• [WHAT THE EXERCISE ASKS] Beginning at the line containing "Basic Information: Information", repeat each line below exactly up to and including the line containing "Diagram Diagram and". Do not repeat the pictures.

• [DATA LISTING]

-*-

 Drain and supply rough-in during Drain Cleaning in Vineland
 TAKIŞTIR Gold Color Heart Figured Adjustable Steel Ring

-*-

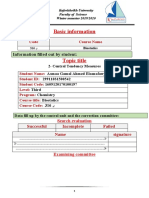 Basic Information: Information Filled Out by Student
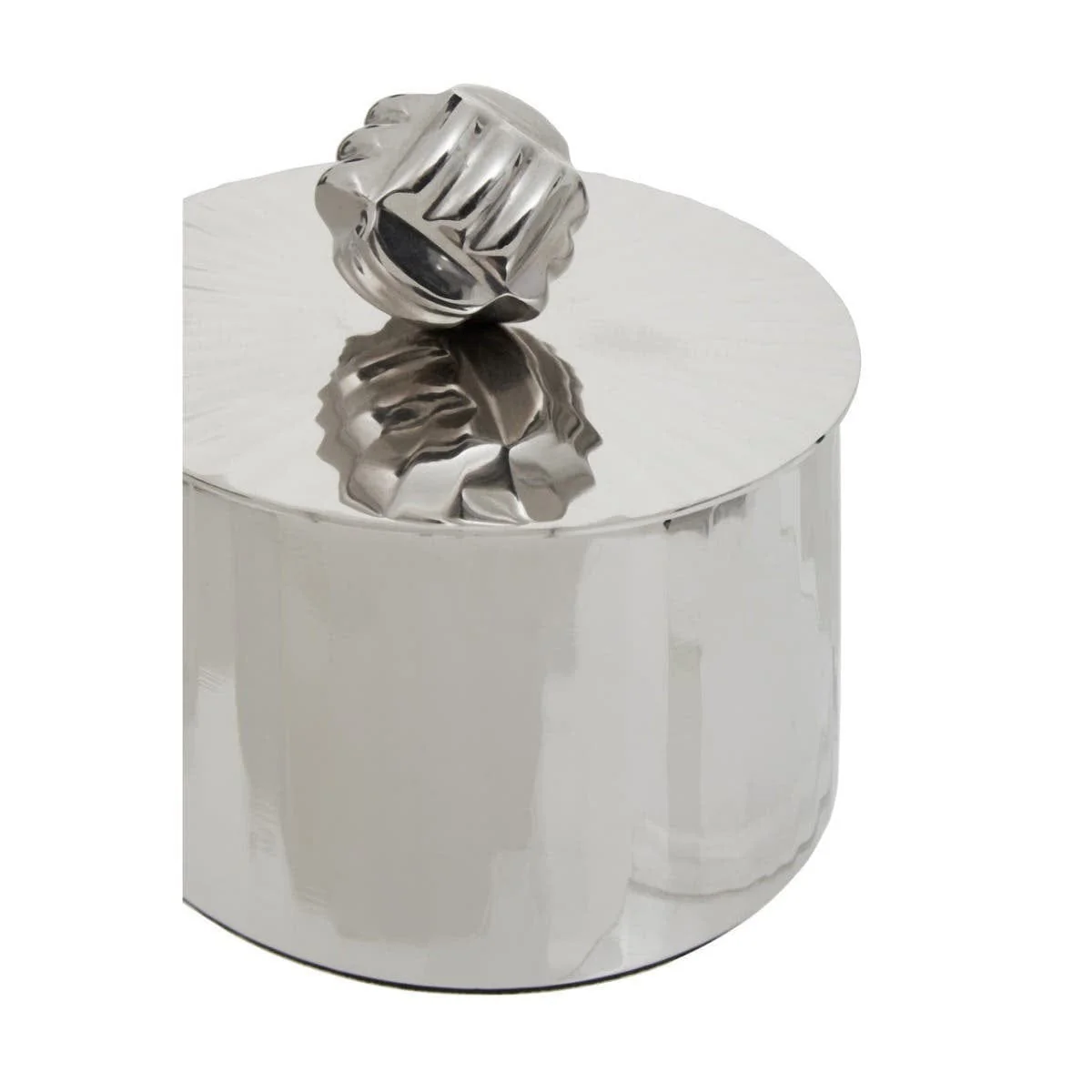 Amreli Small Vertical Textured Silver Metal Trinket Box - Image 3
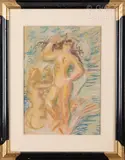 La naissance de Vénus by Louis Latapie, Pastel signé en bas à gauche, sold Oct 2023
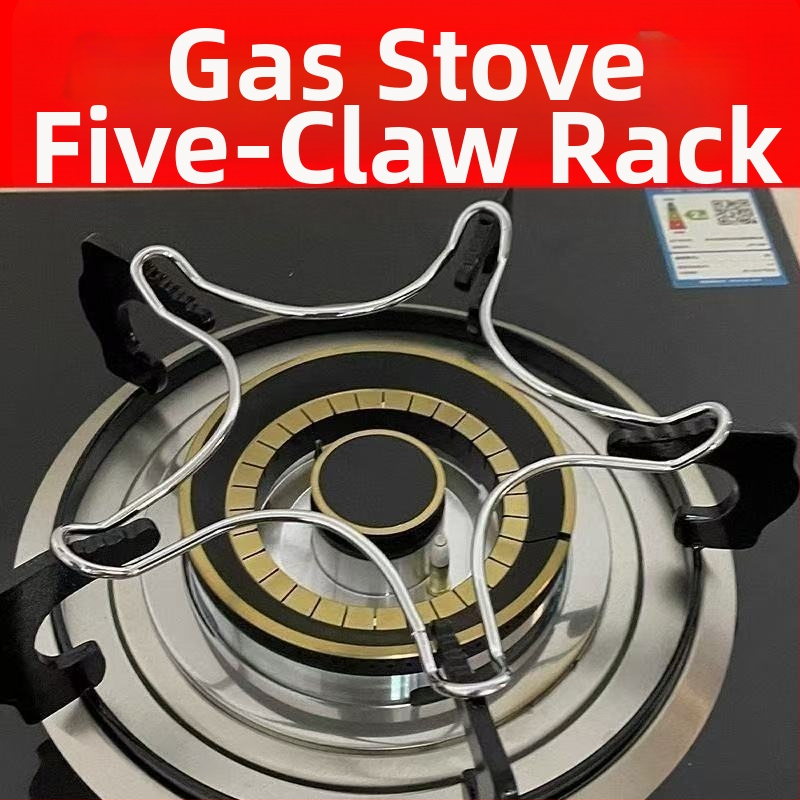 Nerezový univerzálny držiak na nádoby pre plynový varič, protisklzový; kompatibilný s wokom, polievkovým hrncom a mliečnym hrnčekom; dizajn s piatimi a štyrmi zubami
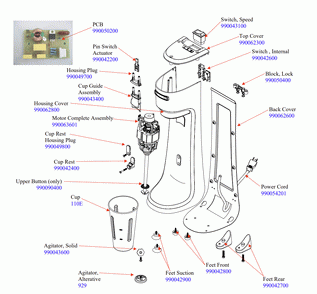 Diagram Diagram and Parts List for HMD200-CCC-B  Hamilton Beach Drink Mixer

-*-

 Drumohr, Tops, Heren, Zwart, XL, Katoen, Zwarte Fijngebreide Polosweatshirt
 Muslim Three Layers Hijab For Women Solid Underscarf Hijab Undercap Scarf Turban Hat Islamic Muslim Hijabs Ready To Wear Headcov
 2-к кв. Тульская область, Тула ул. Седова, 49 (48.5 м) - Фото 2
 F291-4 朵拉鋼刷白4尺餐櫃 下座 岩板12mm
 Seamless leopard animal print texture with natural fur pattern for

-*-

• [ANSWER TO THE PROBLEM]
 Basic Information: Information Filled Out by Student
 Amreli Small Vertical Textured Silver Metal Trinket Box - Image 3
 La naissance de Vénus by Louis Latapie, Pastel signé en bas à gauche, sold Oct 2023
 Nerezový univerzálny držiak na nádoby pre plynový varič, protisklzový; kompatibilný s wokom, polievkovým hrncom a mliečnym hrnčekom; dizajn s piatimi a štyrmi zubami
 Diagram Diagram and Parts List for HMD200-CCC-B  Hamilton Beach Drink Mixer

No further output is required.